Sorry to be a pedant, but the phrase "Lot's of great people, all fanatical about Mac's" should not have any apostrophes in it. The only place you need an apostrophe before the final 's' is the possessive form (showing that something 'belongs' to someone or something else - eg, "Jim's Macs"; "The Mac's USB port").

Some authorities (the NYT) consider it acceptable to place an apostrophe in a plural when a set of initials is being pluralised (eg, DVD's, WMD's) citing legibility as the reason for this deeply questionable practice, but at least they are consistent in their usage. A phrase like "Lot's of rumors" has no punctuational logic at all - if you're going to stick an apostrophe in "lot's", then at least go the whole hog and stick one in "rumors" as well.

This has been a public service announcement.


----------



## CaptainQuark (Jan 10, 2005)

*HEAR HEAR!*

A man after my own pedantic, anally retentive heart!  ::love::  ::love::  ::love:: But where do you stand on the thorny issue of the Oxford Comma?


----------



## Gerard McLean (Jan 10, 2005)

A panda walks into a cafe. He orders a sandwich, eats it, then draws a gun and fires two shots in the air.
"Why?" asks the confused waiter, as the panda makes towards the exit. The panda produces a badly punctuated wildlife manual and tosses it over his shoulder.
"I'm a panda," he says, at the door. "Look it up."
The waiter turns to the relevant entry and, sure enough, finds an explanation.
"*Panda*. Large black-and-white bear-like mammal, native to China. Eats, shoots and leaves."

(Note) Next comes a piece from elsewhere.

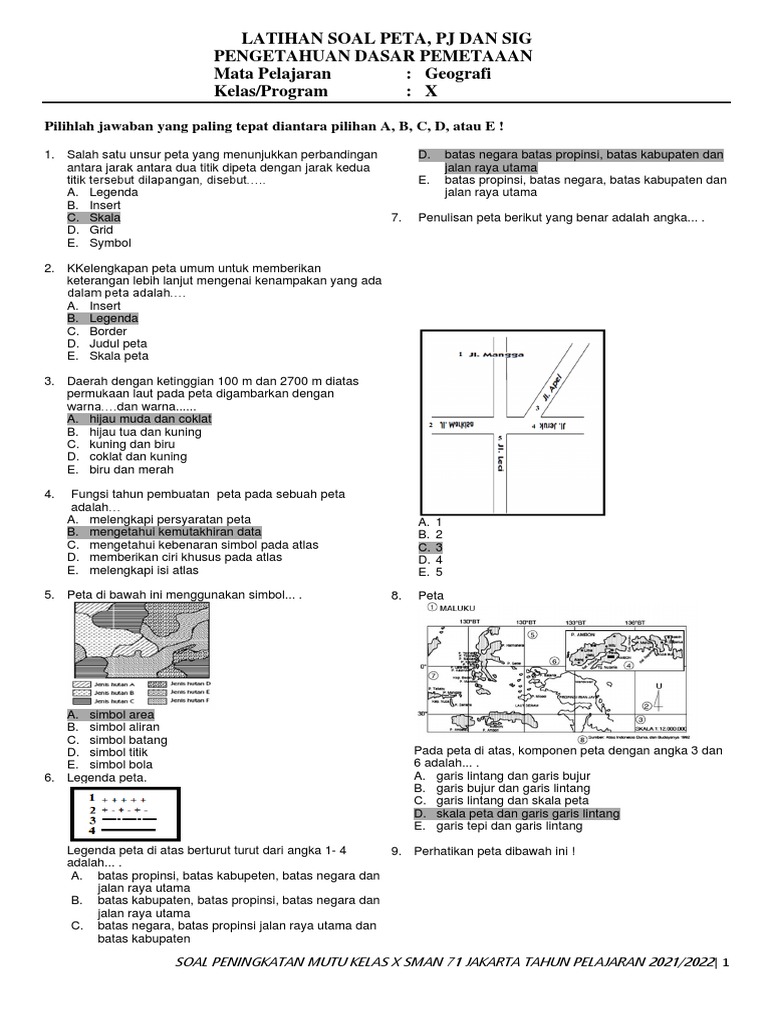 Latihan Soal Peta Pdf
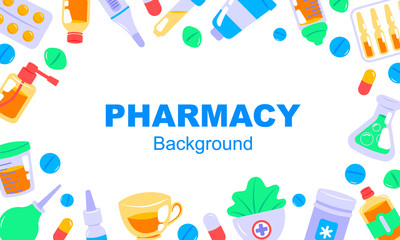 Horizontal pharmacy background in flat style. Vector illustration. Space for text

From the jacket of _Eats, Shoots & Leaves: The zero tolerance approach to punctuation_  by Lynne Truss. 

Should be required reading by ANYONE who sends out email broadcasts. Especially soccer coaches and programmers.

Amazon.com 

G.


----------



## Gerard McLean (Jan 10, 2005)

Ah, the Oxford comma. Eats, shoots, and leaves. Even more entertaining 

G.


----------



## CaptainQuark (Jan 10, 2005)

Gerard McLean said:
			
		

> From the jacket of _Eats, Shoots & Leaves: The zero tolerance approach to punctuation_  by Lynne Truss.

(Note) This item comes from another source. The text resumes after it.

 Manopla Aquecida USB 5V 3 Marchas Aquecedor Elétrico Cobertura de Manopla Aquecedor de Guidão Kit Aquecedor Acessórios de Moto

I once made the mistake of reading that book in a café. I was asked to leave by a waiter who said that my laughing out loud was disturbing the other patrons!


----------



## Mr Tea (Jan 10, 2005)

To my eternal chagrin, CaptainQuark, I was entirely unaware of the term 'Oxford Comma' until I read your reply to my post. Fortunately, this is 2005, I am online, and there is Google. Within seconds, I had access to 54,988,046,221 potential sources of information with which to rectify my ignorance (truly we live in an age of wonders); I made straight for the horse's mouth, where I found a clear (if somewhat partisan) explanation.

So, in answer to your question, yes: I wholeheartedly embrace the Oxford Comma (but sometimes have to wash my hands afterwards).


----------



## CaptainQuark (Jan 10, 2005)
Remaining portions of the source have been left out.